Given data START
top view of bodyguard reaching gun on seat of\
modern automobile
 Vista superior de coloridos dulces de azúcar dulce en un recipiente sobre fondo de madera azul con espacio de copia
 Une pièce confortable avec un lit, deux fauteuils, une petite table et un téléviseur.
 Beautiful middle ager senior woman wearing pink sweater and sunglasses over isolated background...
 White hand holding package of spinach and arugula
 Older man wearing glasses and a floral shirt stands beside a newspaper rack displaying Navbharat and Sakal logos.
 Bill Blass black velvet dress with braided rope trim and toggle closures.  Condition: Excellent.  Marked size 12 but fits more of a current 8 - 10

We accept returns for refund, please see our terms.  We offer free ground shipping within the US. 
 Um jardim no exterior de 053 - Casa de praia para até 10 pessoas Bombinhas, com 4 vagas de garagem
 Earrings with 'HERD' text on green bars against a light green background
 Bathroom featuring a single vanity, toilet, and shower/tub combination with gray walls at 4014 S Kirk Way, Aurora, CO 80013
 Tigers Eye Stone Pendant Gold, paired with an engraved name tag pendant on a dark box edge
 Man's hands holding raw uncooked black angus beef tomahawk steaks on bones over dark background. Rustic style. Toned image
Given data END
» Assignment: The records above should be repeated word for word.

» Problem solution:
top view of bodyguard reaching gun on seat of\
modern automobile
 Vista superior de coloridos dulces de azúcar dulce en un recipiente sobre fondo de madera azul con espacio de copia
 Une pièce confortable avec un lit, deux fauteuils, une petite table et un téléviseur.
 Beautiful middle ager senior woman wearing pink sweater and sunglasses over isolated background...
 White hand holding package of spinach and arugula
 Older man wearing glasses and a floral shirt stands beside a newspaper rack displaying Navbharat and Sakal logos.
 Bill Blass black velvet dress with braided rope trim and toggle closures.  Condition: Excellent.  Marked size 12 but fits more of a current 8 - 10

We accept returns for refund, please see our terms.  We offer free ground shipping within the US. 
 Um jardim no exterior de 053 - Casa de praia para até 10 pessoas Bombinhas, com 4 vagas de garagem
 Earrings with 'HERD' text on green bars against a light green background
 Bathroom featuring a single vanity, toilet, and shower/tub combination with gray walls at 4014 S Kirk Way, Aurora, CO 80013
 Tigers Eye Stone Pendant Gold, paired with an engraved name tag pendant on a dark box edge
 Man's hands holding raw uncooked black angus beef tomahawk steaks on bones over dark background. Rustic style. Toned image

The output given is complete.